▶ Provided entries
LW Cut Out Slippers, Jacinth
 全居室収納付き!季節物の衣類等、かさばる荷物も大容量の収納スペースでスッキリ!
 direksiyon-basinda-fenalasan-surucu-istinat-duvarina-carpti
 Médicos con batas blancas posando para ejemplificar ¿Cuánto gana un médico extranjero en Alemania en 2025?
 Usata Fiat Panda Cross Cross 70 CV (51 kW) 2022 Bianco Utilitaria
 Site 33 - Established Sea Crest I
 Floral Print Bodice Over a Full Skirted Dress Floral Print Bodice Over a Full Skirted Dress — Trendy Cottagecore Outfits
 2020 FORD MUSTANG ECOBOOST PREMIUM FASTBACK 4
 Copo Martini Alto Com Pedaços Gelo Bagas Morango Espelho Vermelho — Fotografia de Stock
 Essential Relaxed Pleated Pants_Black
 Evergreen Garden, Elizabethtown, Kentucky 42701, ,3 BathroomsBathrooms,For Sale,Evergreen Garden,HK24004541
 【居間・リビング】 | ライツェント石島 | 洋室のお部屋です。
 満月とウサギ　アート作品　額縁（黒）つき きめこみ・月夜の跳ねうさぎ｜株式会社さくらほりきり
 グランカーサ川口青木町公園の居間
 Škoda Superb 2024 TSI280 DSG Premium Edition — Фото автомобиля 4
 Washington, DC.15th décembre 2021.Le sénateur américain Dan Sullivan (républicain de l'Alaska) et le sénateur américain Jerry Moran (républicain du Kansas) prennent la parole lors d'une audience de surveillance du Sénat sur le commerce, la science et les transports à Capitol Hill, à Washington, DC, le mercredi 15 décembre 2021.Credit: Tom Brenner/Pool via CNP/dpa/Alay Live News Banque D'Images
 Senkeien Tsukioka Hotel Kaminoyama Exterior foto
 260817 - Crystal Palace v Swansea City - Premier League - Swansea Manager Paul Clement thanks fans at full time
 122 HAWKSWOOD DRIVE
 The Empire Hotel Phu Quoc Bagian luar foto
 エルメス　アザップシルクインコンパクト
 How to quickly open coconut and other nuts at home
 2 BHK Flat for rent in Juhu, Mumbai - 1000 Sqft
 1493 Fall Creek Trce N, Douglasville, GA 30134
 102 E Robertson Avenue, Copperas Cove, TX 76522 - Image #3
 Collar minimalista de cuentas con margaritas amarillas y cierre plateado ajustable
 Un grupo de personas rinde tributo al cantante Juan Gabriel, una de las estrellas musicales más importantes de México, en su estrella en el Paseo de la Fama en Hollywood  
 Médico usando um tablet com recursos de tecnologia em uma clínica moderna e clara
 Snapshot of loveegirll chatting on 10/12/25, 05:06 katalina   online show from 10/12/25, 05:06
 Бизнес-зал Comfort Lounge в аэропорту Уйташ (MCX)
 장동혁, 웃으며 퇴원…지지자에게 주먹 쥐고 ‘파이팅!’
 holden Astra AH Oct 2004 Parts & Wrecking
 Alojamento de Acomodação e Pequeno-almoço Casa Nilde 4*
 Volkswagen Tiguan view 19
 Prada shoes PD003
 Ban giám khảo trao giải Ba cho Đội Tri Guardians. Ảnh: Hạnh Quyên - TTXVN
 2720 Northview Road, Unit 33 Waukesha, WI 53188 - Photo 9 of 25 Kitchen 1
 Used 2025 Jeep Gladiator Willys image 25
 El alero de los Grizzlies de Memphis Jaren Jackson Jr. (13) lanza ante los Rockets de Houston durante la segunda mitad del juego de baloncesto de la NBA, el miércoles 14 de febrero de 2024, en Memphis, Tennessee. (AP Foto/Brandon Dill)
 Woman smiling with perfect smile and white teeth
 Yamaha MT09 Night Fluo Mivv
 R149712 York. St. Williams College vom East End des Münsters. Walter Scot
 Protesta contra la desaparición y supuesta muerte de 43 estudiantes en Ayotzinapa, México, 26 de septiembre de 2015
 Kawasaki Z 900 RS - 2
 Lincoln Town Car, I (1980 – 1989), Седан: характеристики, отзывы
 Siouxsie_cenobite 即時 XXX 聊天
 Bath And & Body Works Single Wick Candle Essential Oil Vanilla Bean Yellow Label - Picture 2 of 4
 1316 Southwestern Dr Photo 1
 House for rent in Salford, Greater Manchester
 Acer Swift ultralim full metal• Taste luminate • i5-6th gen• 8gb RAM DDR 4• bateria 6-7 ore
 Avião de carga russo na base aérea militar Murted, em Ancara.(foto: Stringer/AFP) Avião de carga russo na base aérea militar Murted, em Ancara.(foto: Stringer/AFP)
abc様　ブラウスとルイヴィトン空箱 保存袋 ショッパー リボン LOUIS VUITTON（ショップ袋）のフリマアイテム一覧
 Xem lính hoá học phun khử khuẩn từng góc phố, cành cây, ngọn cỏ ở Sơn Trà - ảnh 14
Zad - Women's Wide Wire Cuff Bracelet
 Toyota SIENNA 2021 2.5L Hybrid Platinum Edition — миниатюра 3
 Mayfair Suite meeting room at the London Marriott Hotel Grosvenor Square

▶ Try it
Starting with the line that contains "Volkswagen Tiguan view 19", print each line through the last one in the listing. Include both end lines and add nothing.

▶ Finished exercise
 Volkswagen Tiguan view 19
 Prada shoes PD003
 Ban giám khảo trao giải Ba cho Đội Tri Guardians. Ảnh: Hạnh Quyên - TTXVN
 2720 Northview Road, Unit 33 Waukesha, WI 53188 - Photo 9 of 25 Kitchen 1
 Used 2025 Jeep Gladiator Willys image 25
 El alero de los Grizzlies de Memphis Jaren Jackson Jr. (13) lanza ante los Rockets de Houston durante la segunda mitad del juego de baloncesto de la NBA, el miércoles 14 de febrero de 2024, en Memphis, Tennessee. (AP Foto/Brandon Dill)
 Woman smiling with perfect smile and white teeth
 Yamaha MT09 Night Fluo Mivv
 R149712 York. St. Williams College vom East End des Münsters. Walter Scot
 Protesta contra la desaparición y supuesta muerte de 43 estudiantes en Ayotzinapa, México, 26 de septiembre de 2015
 Kawasaki Z 900 RS - 2
 Lincoln Town Car, I (1980 – 1989), Седан: характеристики, отзывы
 Siouxsie_cenobite 即時 XXX 聊天
 Bath And & Body Works Single Wick Candle Essential Oil Vanilla Bean Yellow Label - Picture 2 of 4
 1316 Southwestern Dr Photo 1
 House for rent in Salford, Greater Manchester
 Acer Swift ultralim full metal• Taste luminate • i5-6th gen• 8gb RAM DDR 4• bateria 6-7 ore
 Avião de carga russo na base aérea militar Murted, em Ancara.(foto: Stringer/AFP) Avião de carga russo na base aérea militar Murted, em Ancara.(foto: Stringer/AFP)
abc様　ブラウスとルイヴィトン空箱 保存袋 ショッパー リボン LOUIS VUITTON（ショップ袋）のフリマアイテム一覧
 Xem lính hoá học phun khử khuẩn từng góc phố, cành cây, ngọn cỏ ở Sơn Trà - ảnh 14
Zad - Women's Wide Wire Cuff Bracelet
 Toyota SIENNA 2021 2.5L Hybrid Platinum Edition — миниатюра 3
 Mayfair Suite meeting room at the London Marriott Hotel Grosvenor Square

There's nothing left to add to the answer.